_DATA_

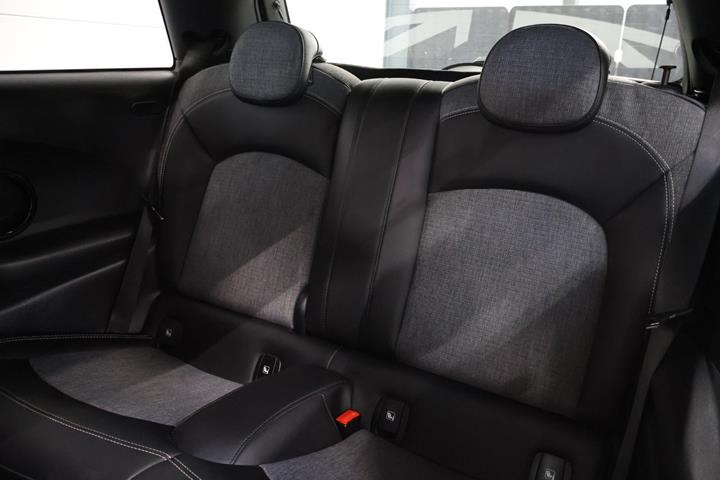 Sort Mini Cooper SE fra 2022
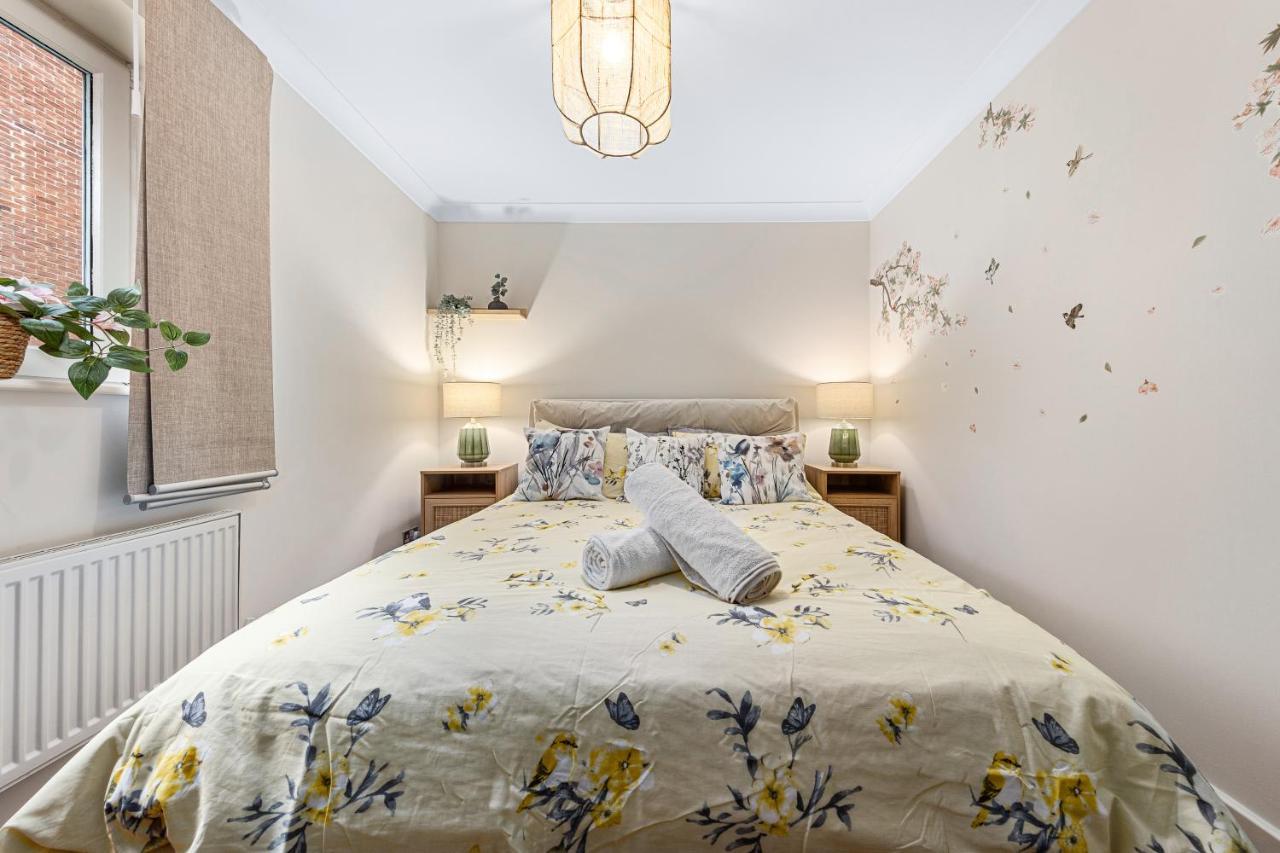 Tranquil 2 Bedroom Apartment Close To St. Paul'S Cathedral London Bagian luar foto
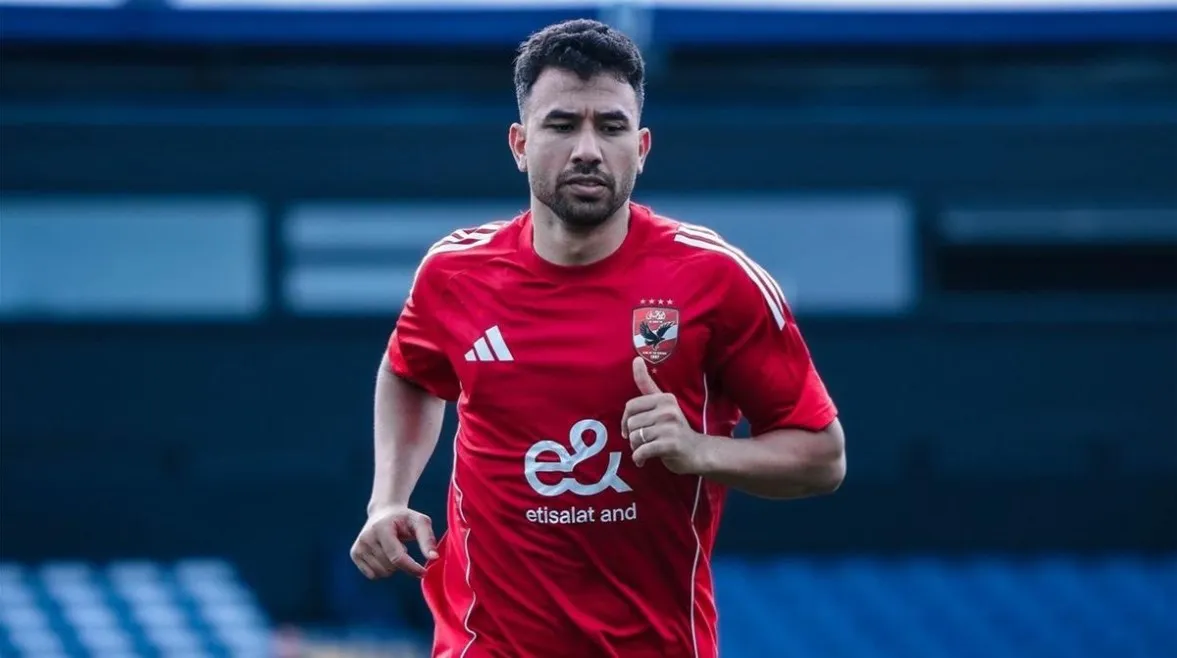 كواليس الزلزال المالي في الأهلي.. تريزيجيه بين مقصلة التخفيض وعروض الاحتراف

_WORK INSTRUCTION_
Reproduce the whole listing verbatim and keep all pictures out of it.

_SOLUTION FOR THIS EXERCISE_
 Sort Mini Cooper SE fra 2022
 Tranquil 2 Bedroom Apartment Close To St. Paul'S Cathedral London Bagian luar foto
 كواليس الزلزال المالي في الأهلي.. تريزيجيه بين مقصلة التخفيض وعروض الاحتراف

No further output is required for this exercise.